106 We also note that in Jauncey, his Honour Justice Clarke said:

            …an order for suspension may be appropriate in limited circumstances. This is more likely to arise in cases where an order is made long after the misconduct which demonstrated unfitness occurred and a meritorious degree of rehabilitation extending over the interval between misconduct and the hearing of the case has been shown.

107 In Peck, the Solicitors Statutory Committee stated:

            The Committee finds that the Solicitor has been guilty of professional misconduct and that he is not a fit and proper person to practice as a solicitor on his own account. Having regard to the frankness with the Law Society and this Committee and his contrite approach the Committee finds that after a period of suspension he will be a fit and proper person to practice as an employed solicitor.

108 It is the view of this Tribunal that the suspension sought by the Society is appropriate for this Solicitor. It was not considered appropriate for Dupal. However, we accept that the difference in the gravity of their offences and this Solicitor’s established contrition point to the fact that Mr McNamara makes us comfortably satisfied that he is probably not permanently unfit to practice.

109 Of course, we do not condone the Solicitor’s acts of dishonesty and he is properly held up before his peers for castigation. This is a part of his punishment. However, the protection of the public does not require him to be struck off the Roll. Based on the frank evidence of the Solicitor, Dr Brash and Ms Wilson, we are satisfied that the Solicitor is a person who, if faced with the same professional difficulty again today, would take a very different course.

110 In other words, his character is not so flawed that he cannot be trusted again, and indeed is, in our opinion, unlikely to ever again fail to adhere to the high standards of integrity and honesty, which the community rightly expects of the legal profession, if indeed he chooses to further pursue the practice of Law.

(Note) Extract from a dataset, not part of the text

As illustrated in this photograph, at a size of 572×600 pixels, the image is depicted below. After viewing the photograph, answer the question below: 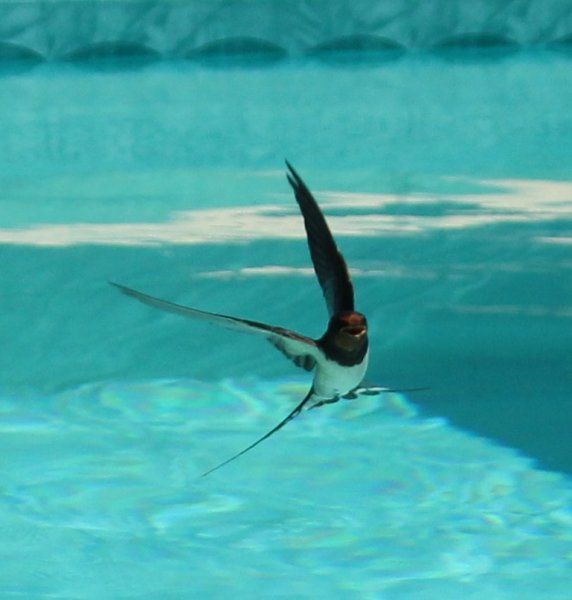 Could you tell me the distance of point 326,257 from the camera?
2.52 m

In our view, the protection of the public is achieved by a substantial period of suspension and the placement of conditions thereafter.

111 We note that the Solicitor does not currently hold a practising certificate.

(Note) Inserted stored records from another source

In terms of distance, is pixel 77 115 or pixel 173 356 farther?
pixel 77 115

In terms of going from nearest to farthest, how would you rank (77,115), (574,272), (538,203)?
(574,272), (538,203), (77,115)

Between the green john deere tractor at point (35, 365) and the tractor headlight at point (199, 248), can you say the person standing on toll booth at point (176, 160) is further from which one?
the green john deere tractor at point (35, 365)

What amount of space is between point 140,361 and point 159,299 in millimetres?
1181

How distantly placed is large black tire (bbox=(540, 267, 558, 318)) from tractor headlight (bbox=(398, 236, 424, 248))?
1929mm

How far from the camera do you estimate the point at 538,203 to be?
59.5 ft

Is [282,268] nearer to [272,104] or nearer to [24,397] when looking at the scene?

112 We make the following Orders:

            1. That Gerard Michael John McNamara be suspended from practice for a period of 12 months.

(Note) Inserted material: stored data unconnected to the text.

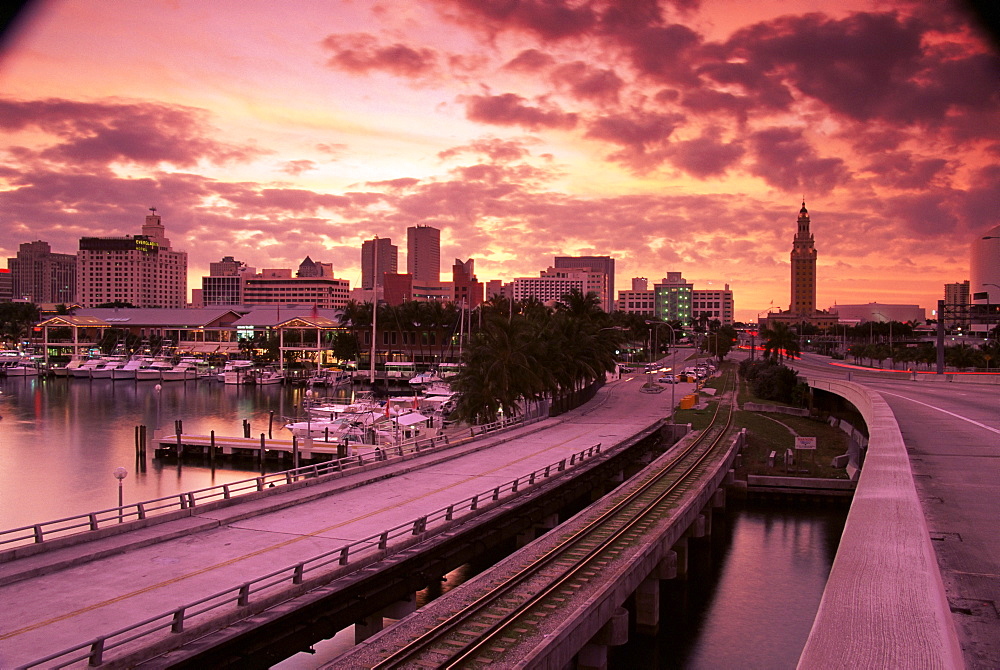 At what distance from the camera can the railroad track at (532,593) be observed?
1712 centimetres

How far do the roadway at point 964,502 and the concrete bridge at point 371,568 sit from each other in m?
0.09

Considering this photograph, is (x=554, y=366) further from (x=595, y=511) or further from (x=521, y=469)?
(x=595, y=511)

            2. When Gerard Michael John McNamara, after the expiry of 12 months suspension, first applies to the Law Society of New South Wales for a practising certificate he shall accompany such an application with a medical report by a psychiatrist nominated by the Manager of the Professional Standards Department of the Society. The costs of the assessment and report are to be met by Mr McNamara and no practising certificate is to be issued to him unless [and until] such medical report indicates that the examining doctor is of the opinion that Mr McNamara is fit to resume the practice of law.

            3. For a period of five (5) years [after the expiration of his suspension] during which Gerard Michael John McNamara again holds a practising certificate, any practising certificate so held shall be endorsed with the following conditions:

            a) The Solicitor’s right to practice is restricted to that of an employee of a Solicitor holding an unrestricted practising certificate; and

            b) The Solicitor is not to operate on any account of any Solicitor that may contain trust funds.

            4. Gerard Michael John McNamara shall pay the Applicant’s costs of and incidental to these proceedings, as agreed or assessed.